Footloose — Toby’s Baltimore
Today, eight friends, including myself, attended the matinée of the musical Footloose at the new Toby’s Baltimore. The show has been receiving raves from local critics, so we had to go there to see if the critics were right and, most important, we wanted to experience the new venue. The new Toby’s Baltimore is an easy drive-right up 95. You get off at Exit 57, make a turn and you are there -in the Best Western Hotel. You take the elevator up and when the door opens, the Toby’s homey feeling envelopes you. Today, when I was at the box office, Toby Orenstein herself appeared, and we began schmoozing. She told me she liked the interview/podcast I recorded with her last month. I felt a long sigh of relief. I don’t think I could handle that Toby’s face she gives you if she’s not happy. You can listen to my interview with Toby Orenstein
The new space is roomier than Toby’s-The Dinner Theatre of Columbia- the chairs are more comfortable, and there’s more leg space. The food is as good as Columbia-lots of salads, fruit, salmon, roast beef, ham (that great Bar-Mitzvah dish), turkey, and the Toby’s famous Spinach Funque, loaded with lots of melted cheese and Popeye’s favorite entrée, a dish that will clog your arteries within 2 minutes of consuming it-but it’s delicious. There’s a make-your-own-sundae bar for dessert, and what’s better than a sundae on Sunday? That’s the scoop.
Two-time Helen Hayes Winner, David James (for The Wizard of Oz and Godspell at Toby’s) was our server. David told us that he loves being a server because it allows him to greet his audience and hear their comments at intermission and after the show. Do you know any other Helen Hayes Award Winners who would be a server? I don’t know any. You’re an amazing talent David James, one helluva server and a real mensch. Sorry it took so long to podcast Daniel, Kurt and Becca. Can I have a rain check to interview you at a later time, David?
The stage in Toby’s Baltimore is a procenium stage-a picture frame type of stage with a small thrust, and has a small area that revolves a la Les Miserables. This stage will allow a large epic musical like Ragtime to look Broadway-like, and I can’t wait for Toby’s to recreate its 2004 production that garnered 13 Helen Hayes nominations.
Footloose wasn’t a great hit in NYC. It’s score is not memorable-except for a spine tingling song in the first act called Learning To Be Silent, sung beautifully by Kate Briante, Tamarin Ythier and Becca Vourvoulas, (who plays the rebellious Ariel, who falls in love with the rebellious Ren, played by Kurt Boehm.) Well known songs, Almost Paradise, the title song, and Let’s Hear It For The Boys were performed with great energy by the cast and ensemble.
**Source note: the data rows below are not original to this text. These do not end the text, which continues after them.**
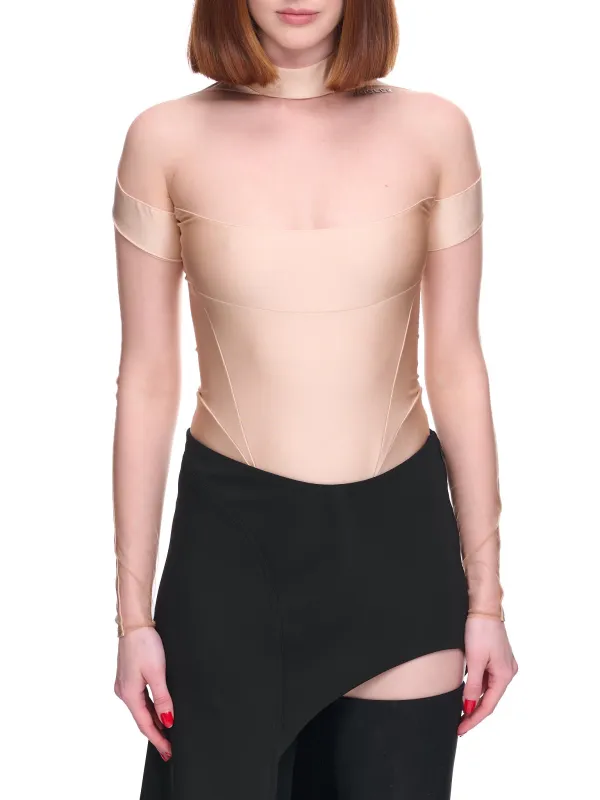 lllusion Bodysuit (1BO0142850-B20N1-POWDER-NUDE-0) sold by lorenzo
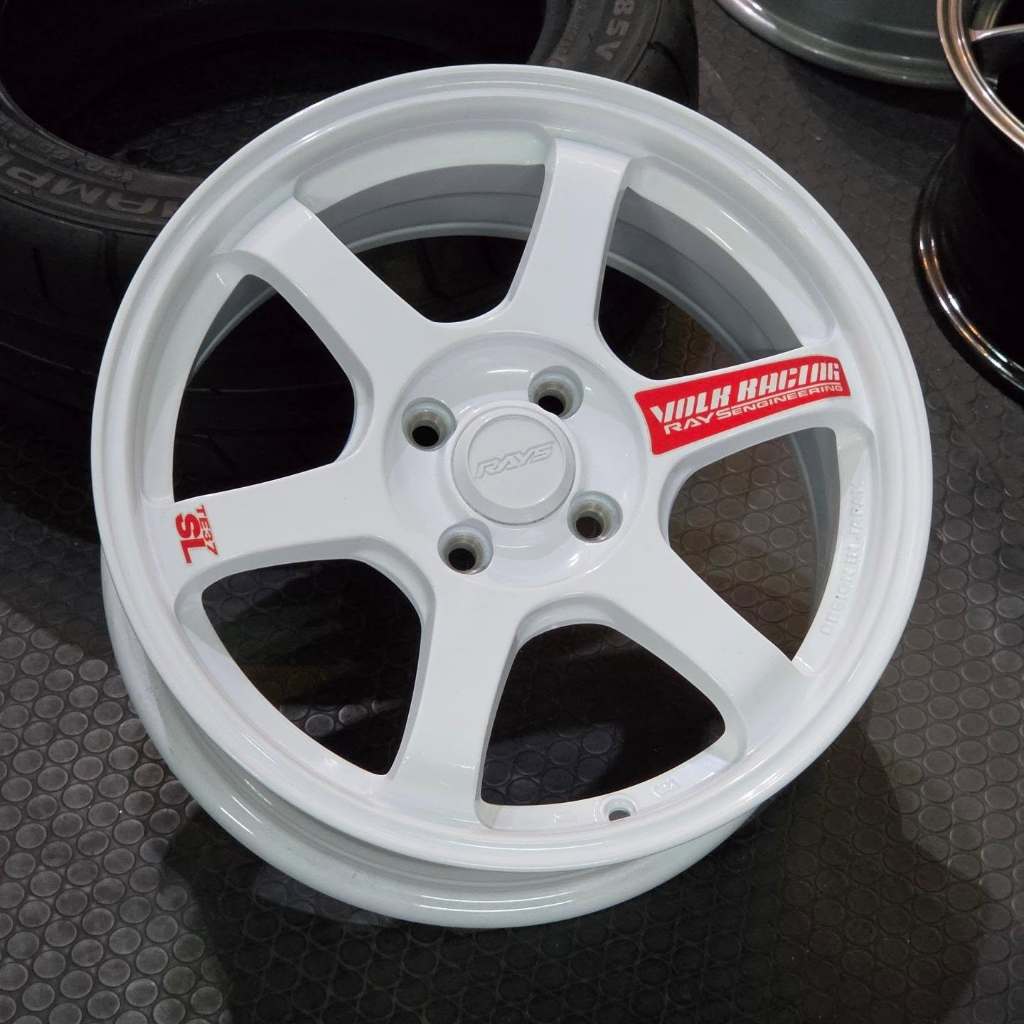 Velg Mobil Alloy Rep. Volk Rays TE37 SL Ring 16 Lebar 7 ET 38 PCD 4x100 Putih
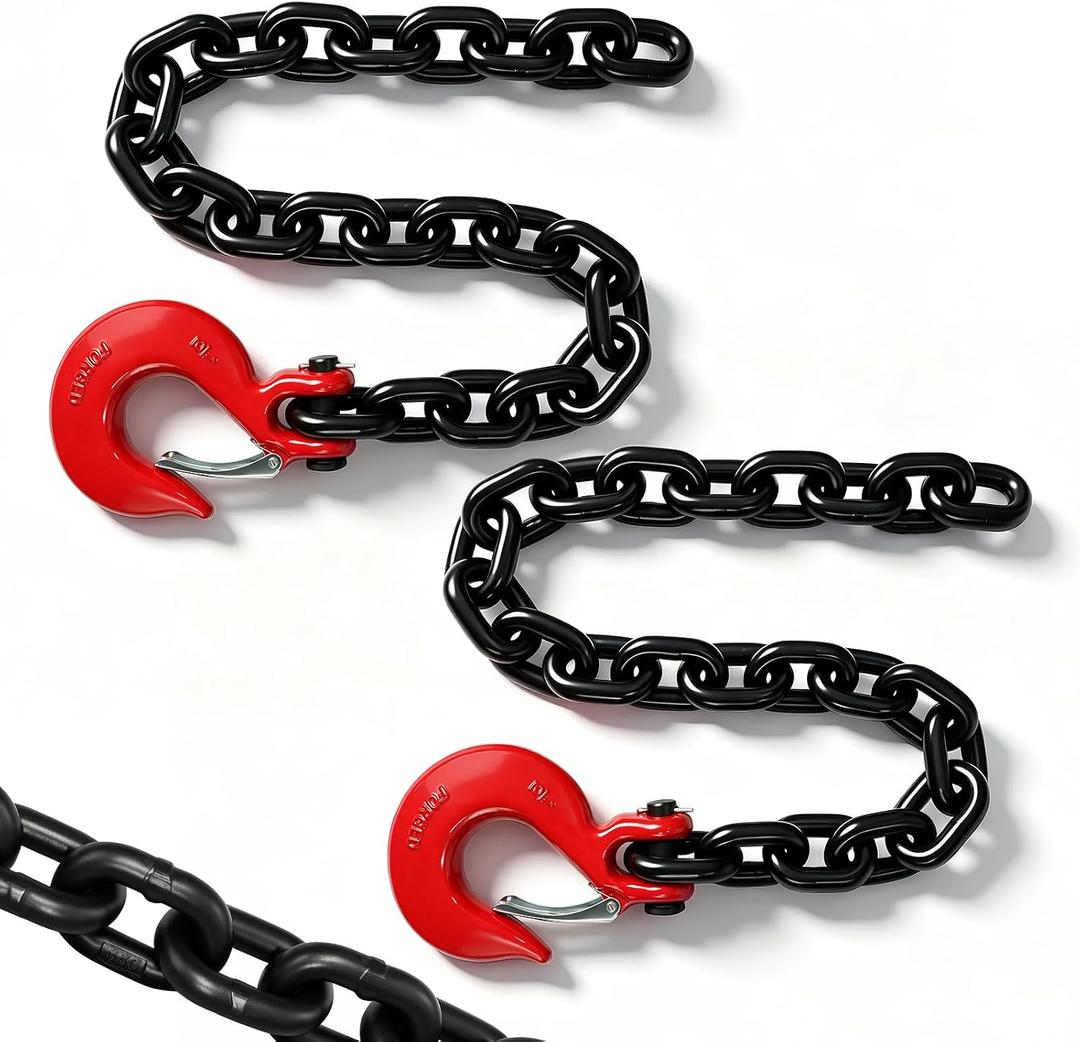 G80 1/2"x 36" Trailer Safety Chains with Hooks,2-Pack,EP Black | Heavy Duty Trailer Chains with G70 Safety Hooks|12000lbs Working Load,48000lbs Break Strength,Truck,Utility Trailers,Boat,Tow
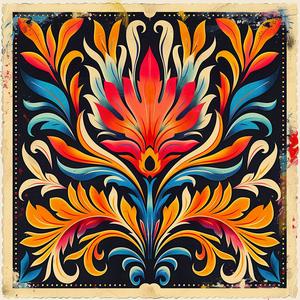 thorns  leafy  vintage  bold  floral  dynamic  neon  symmetry  artnouveau  linocut 1078924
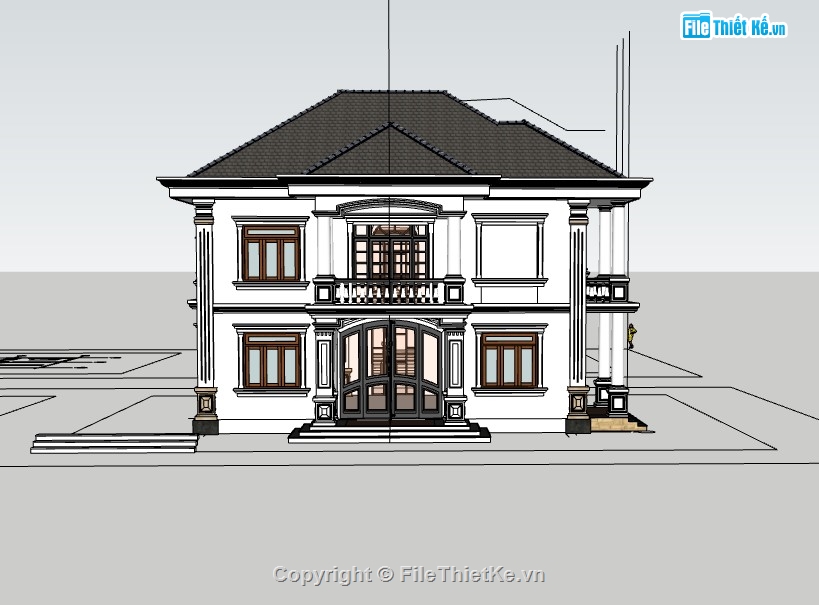 biệt thự 2 tầng,biệt thự sketchup,sketchup biệt thự,su biệt thự,sketchup biệt thự 2 tầng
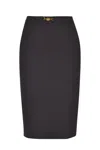 Elisabetta Franchi Longuette Skirt With Satin Side Bands In Black
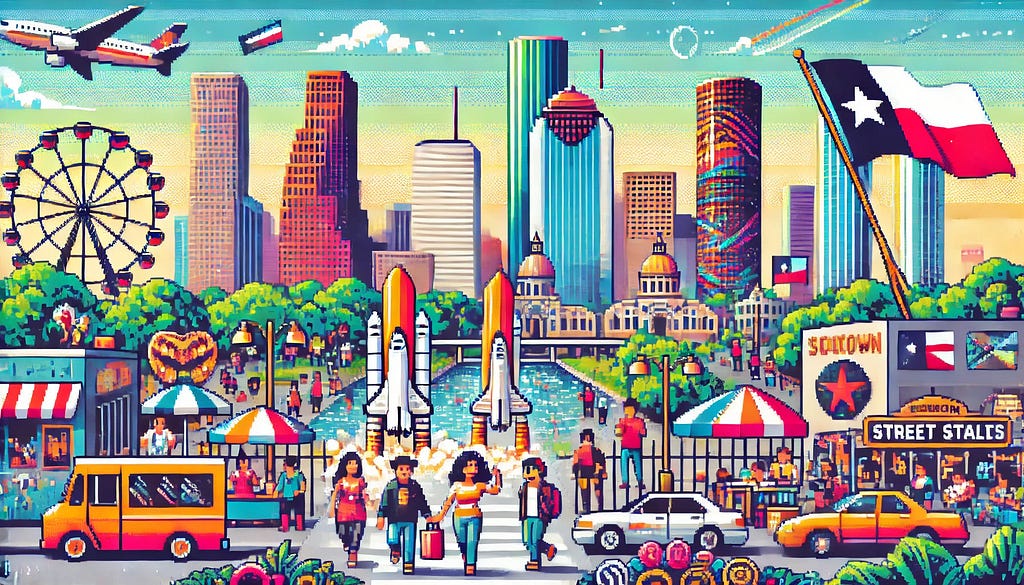 A vibrant pixel art scene of Houston, Texas, showcases its diverse culture and bustling metropolis. The cityscape includes iconic landmarks such as the Johnson Space Center with a rocket, and the downtown skyline with tall buildings. Diverse people, street art, and food stalls add to the cultural richness. The background features a clear sky with a few clouds, using bright and varied colors to capture the lively spirit of the city.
The lighting, set design, and costumes were first class. The choreography was energetically performed by the young cast. There were some problems with microphones not working in the beginning of the show, but were overcome with a quick repair. (Kurt Boehm talks about his microphone problems on the above podcast). The orchestra is on the far right of the stage, and the musicians performed beautifully under the baton of Mike Semancik. They did not drown out the cast, and that alone deserves high praise.
I miss the “in your face” theatre I see at Toby’s-The Dinner Theatre of Columbia, but my neck and back loved the procenium stage at Toby’s Baltimore. I’ll be returning to both Toby’s because both venues present great theatre, and both venues have the nicest servers, actors, directors, tech workers, hostesses in the area-and no one has that Bubbie personality that is Toby Orenstein. G-d bless her! Good luck Toby’s Baltimore. I’ll be back to see Ragtime soon.
I was honored to interview Daniel McDonald, who plays Reverend Moore, Kurt Bohme, who plays Ren McCormick and Becca Vourvoulas, who played Ariel Moore. Kudos to Daniel who performed on a broken foot. Break a leg-I take it back!